[Start of section]

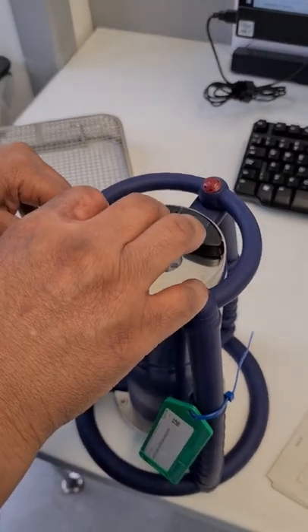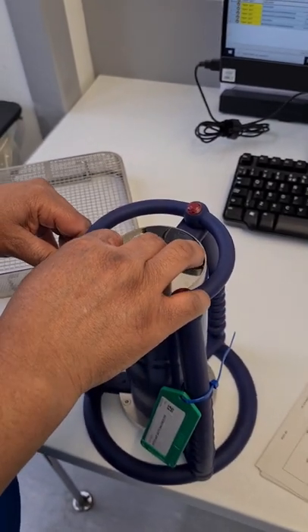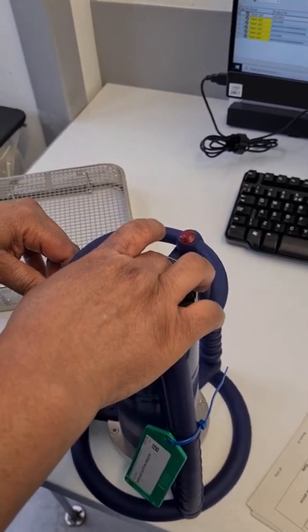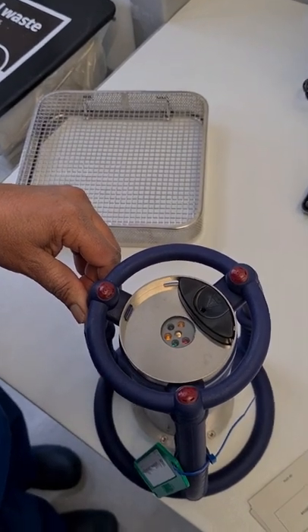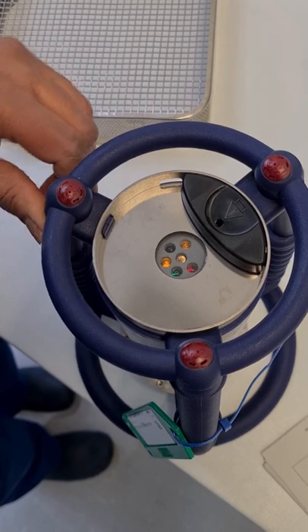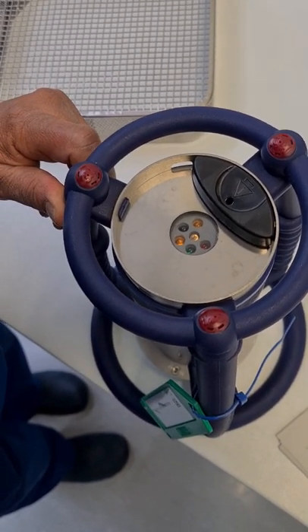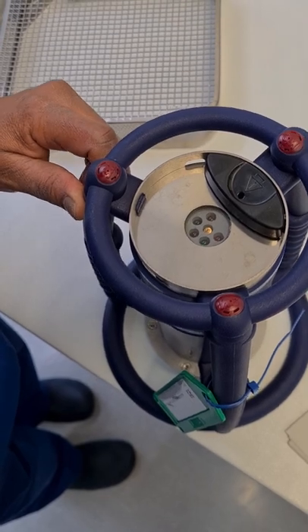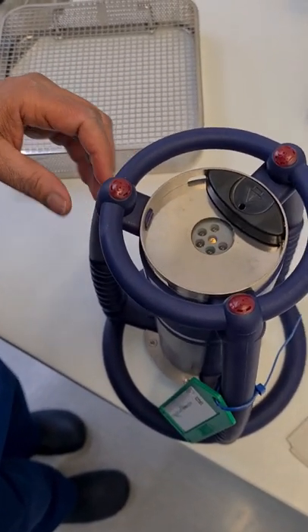Now I'm going to pull out the ETS machine. I pull it once, then I leave it, and I wait for the green light or the amber light to beep. I now have the amber light beeping, which means it's ready to go into the autoclave.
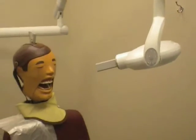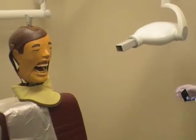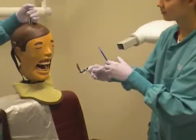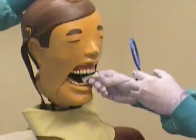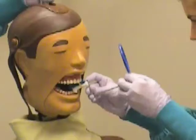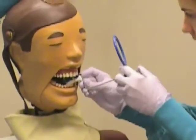Ask the patient to remove any items such as glasses that may interfere with the exposure. Ask the patient to open his mouth and insert the phosphor plate into the mouth, keeping the black side facing the operator. Place the bite block up to the tooth being imaged, centering the canine. Ask the patient to slowly close his mouth to stabilize the instrument.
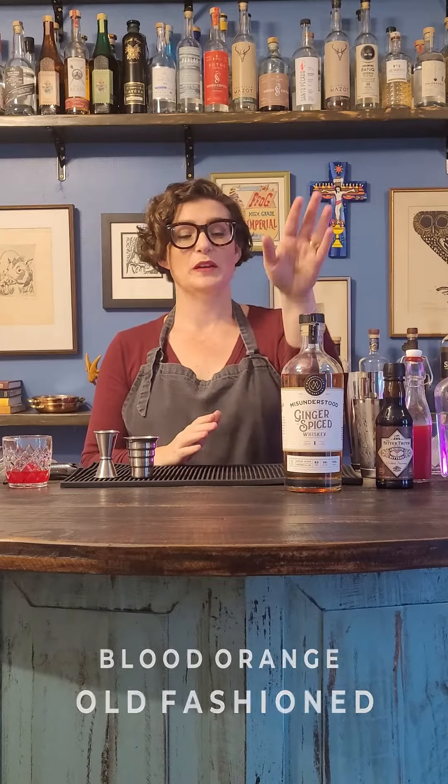Welcome to Tipsy Sip and Learn. I'm Tia of Easy Drinking. Today we are going to be making a Blood Orange Old Fashioned, featuring Misunderstood's Ginger Spice Whiskey.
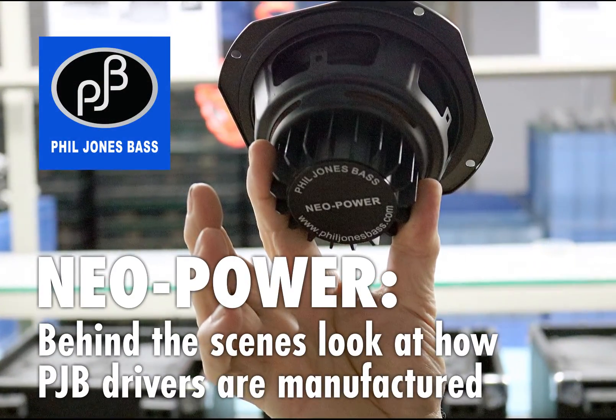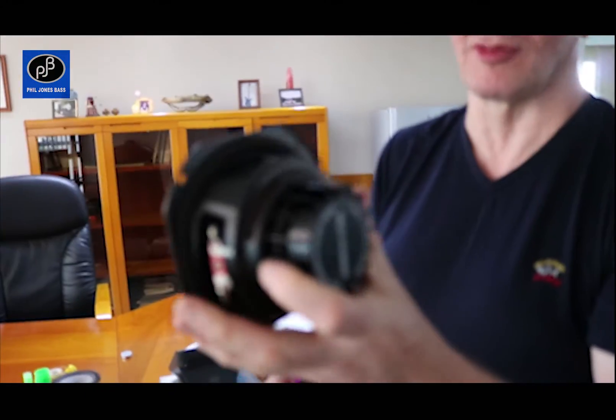Ready? This is a neodymium loudspeaker — a PJB neodymium speaker, which is all engineered by us.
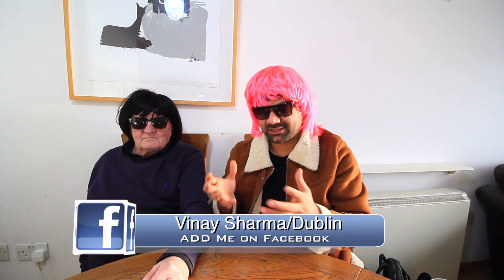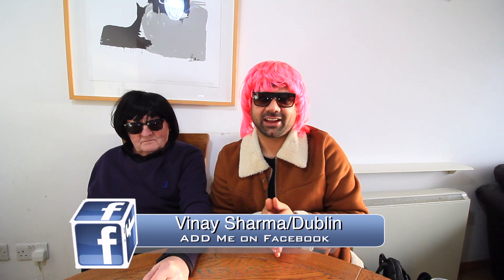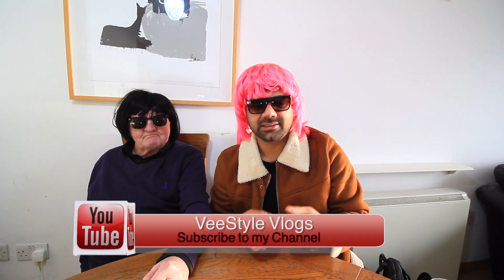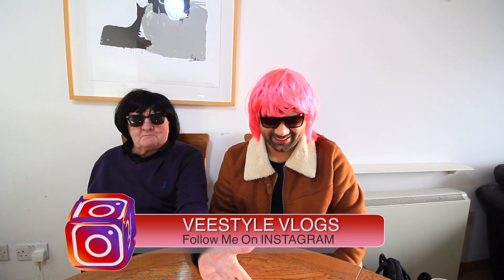Welcome back to V-Star Vlogs! Today is a very special day because I invited John Clark to do an Indian snack review on my channel. It's the very first time I'm making this video. I brought a few snacks and Indian drinks. Hello, my name is John Clark and I'm from Dublin, Ireland. I'm here to taste some samples and give my honest review.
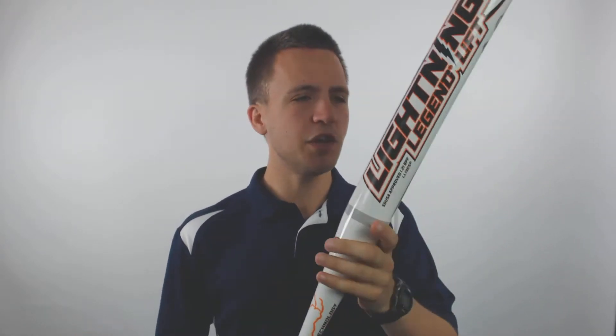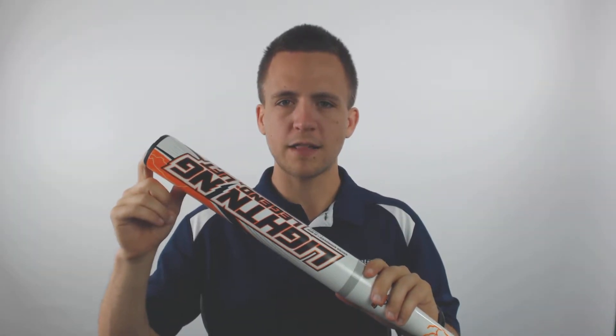Hey guys, Tyler from Just Bats here with the new 2018 Dudley Lightning Legend Lift Senior Slow Pitch Softball Bat. This bat is fully composite and is going to utilize a 13-inch barrel that should improve the overall likelihood of you making quality contact.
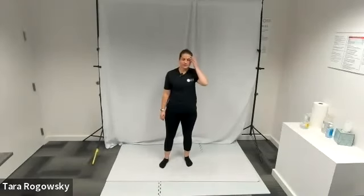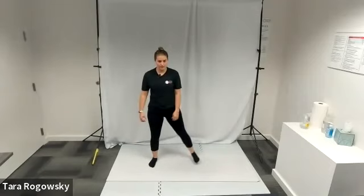Hello, this is Tara with Northwest Association for Blind Athletes and this is how to do wide glute kicks.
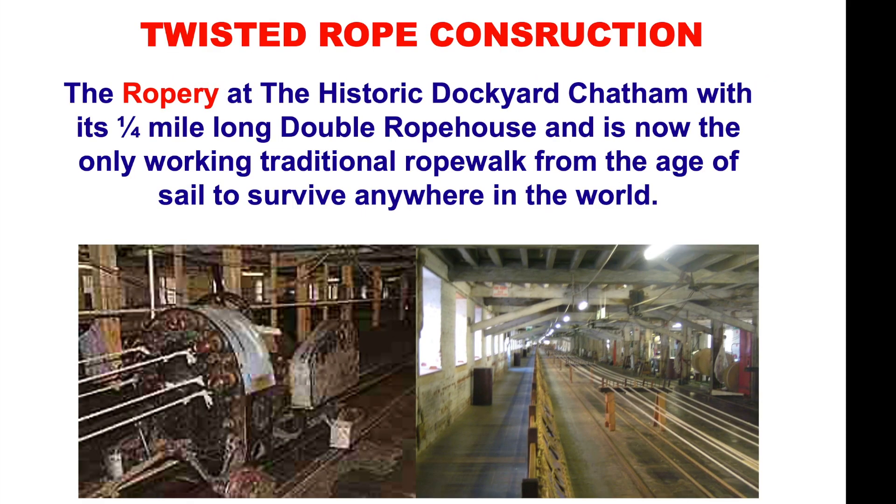The rope is traditionally made on a rope walk. This rope walk is at the historic dockyard in Chatham, which is a quarter of a mile long, a double rope house, and is now the only working traditional rope walk from the age of sail to survive anywhere in the world. If you go there, you can see them making ropes, and we have some ropes that were made in the dockyard.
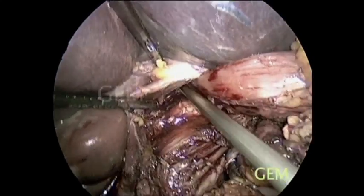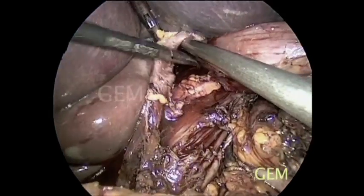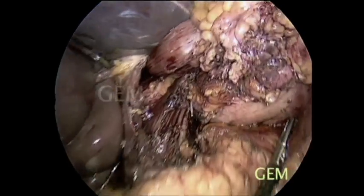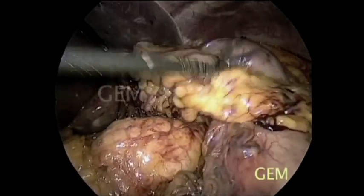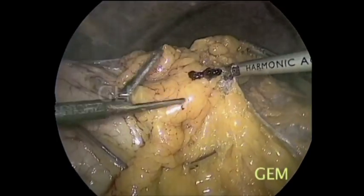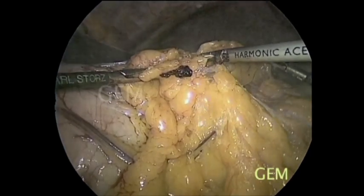We are entering the mediastinum. Once we are sure we are going to take it down, we go to the left side. This is the pancreas; we take the nodes along the splenic artery, then divide the gastrocolonic omentum extending toward the short gastric vessels.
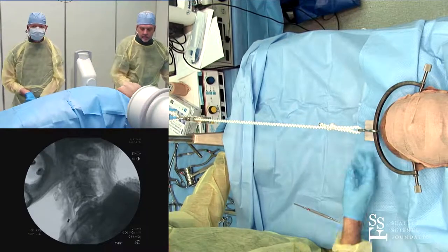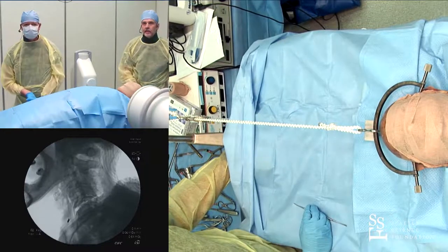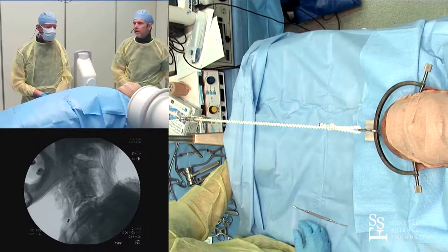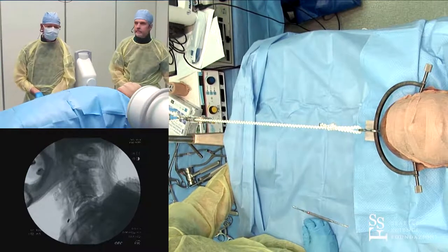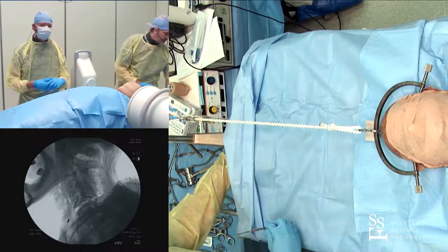Before we continue, does anyone have questions about tong application? People have talked about moving the tongs forward or backward to try to obtain a flexion moment or to unlock the facets. But I tend to put them right in line with the spine, the same as Andrew does.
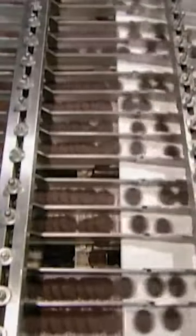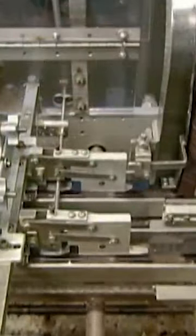The biscuits travel over ramps, designed to make them fall into a certain position. One row lands plain side up, and the next lands with the pattern side up. This puts them in the right orientation for the all-important creamy filling.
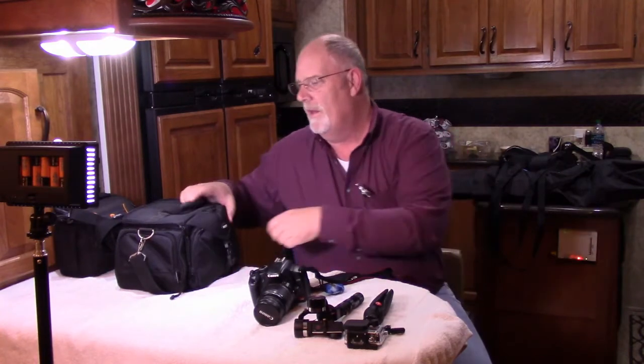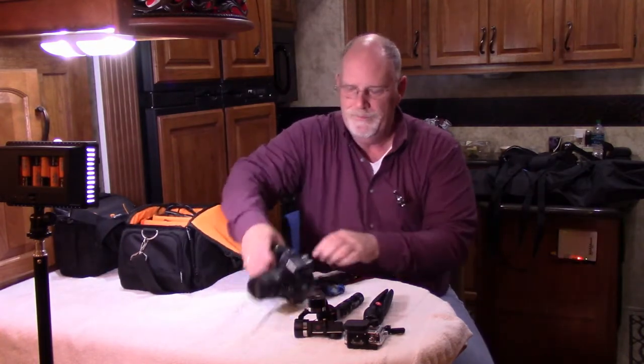Rule one: try to put this stuff away as you use it and pull it out. I know it makes the video longer, but with so much equipment it's really important to put things away.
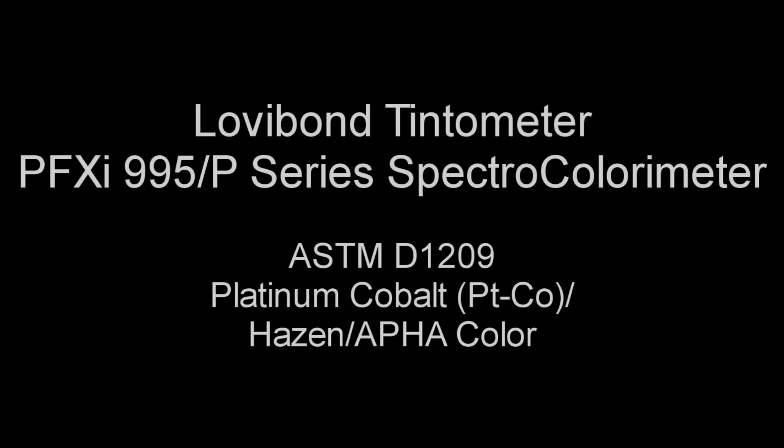DC Scientific presents the Lovabond Tintometer PFXI995P for determining ASTM D1209 Platinum Cobalt Color.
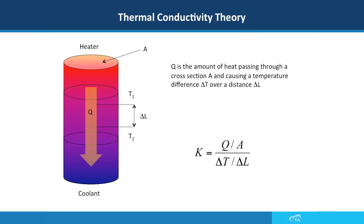As you can see in this slide, the sample has a thickness of delta L, and there is a temperature gradient of 30 degrees centigrade applied to it. There is a heater on the top and a coolant on the bottom that applies that temperature gradient to the sample. We then measure the amount of heat that passes through the cross section of the sample and causes the delta T temperature difference.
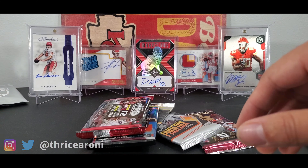Alright, 2018 Donruss Elite — here's Clay Matthews. We got Frank Gore. We got a numbered card to 699 — Craig Quinn. We got Danny Amendola. And we have a Derrick Henry — Derrick Henry again!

[End of section]

Required work
Make an exact copy of the records shown above, without the pictures.

Exercise output
Now I'm going to pull out the ETS machine. I pull it once, then I leave it, and I wait for the green light or the amber light to beep. I now have the amber light beeping, which means it's ready to go into the autoclave.
Ask the patient to remove any items such as glasses that may interfere with the exposure. Ask the patient to open his mouth and insert the phosphor plate into the mouth, keeping the black side facing the operator. Place the bite block up to the tooth being imaged, centering the canine. Ask the patient to slowly close his mouth to stabilize the instrument.
Welcome to Tipsy Sip and Learn. I'm Tia of Easy Drinking. Today we are going to be making a Blood Orange Old Fashioned, featuring Misunderstood's Ginger Spice Whiskey.
Ready? This is a neodymium loudspeaker — a PJB neodymium speaker, which is all engineered by us.
Welcome back to V-Star Vlogs! Today is a very special day because I invited John Clark to do an Indian snack review on my channel. It's the very first time I'm making this video. I brought a few snacks and Indian drinks. Hello, my name is John Clark and I'm from Dublin, Ireland. I'm here to taste some samples and give my honest review.
Hey guys, Tyler from Just Bats here with the new 2018 Dudley Lightning Legend Lift Senior Slow Pitch Softball Bat. This bat is fully composite and is going to utilize a 13-inch barrel that should improve the overall likelihood of you making quality contact.
Hello, this is Tara with Northwest Association for Blind Athletes and this is how to do wide glute kicks.
The rope is traditionally made on a rope walk. This rope walk is at the historic dockyard in Chatham, which is a quarter of a mile long, a double rope house, and is now the only working traditional rope walk from the age of sail to survive anywhere in the world. If you go there, you can see them making ropes, and we have some ropes that were made in the dockyard.
We are entering the mediastinum. Once we are sure we are going to take it down, we go to the left side. This is the pancreas; we take the nodes along the splenic artery, then divide the gastrocolonic omentum extending toward the short gastric vessels.
Before we continue, does anyone have questions about tong application? People have talked about moving the tongs forward or backward to try to obtain a flexion moment or to unlock the facets. But I tend to put them right in line with the spine, the same as Andrew does.
The biscuits travel over ramps, designed to make them fall into a certain position. One row lands plain side up, and the next lands with the pattern side up. This puts them in the right orientation for the all-important creamy filling.
Rule one: try to put this stuff away as you use it and pull it out. I know it makes the video longer, but with so much equipment it's really important to put things away.
DC Scientific presents the Lovabond Tintometer PFXI995P for determining ASTM D1209 Platinum Cobalt Color.
As you can see in this slide, the sample has a thickness of delta L, and there is a temperature gradient of 30 degrees centigrade applied to it. There is a heater on the top and a coolant on the bottom that applies that temperature gradient to the sample. We then measure the amount of heat that passes through the cross section of the sample and causes the delta T temperature difference.
Alright, 2018 Donruss Elite — here's Clay Matthews. We got Frank Gore. We got a numbered card to 699 — Craig Quinn. We got Danny Amendola. And we have a Derrick Henry — Derrick Henry again!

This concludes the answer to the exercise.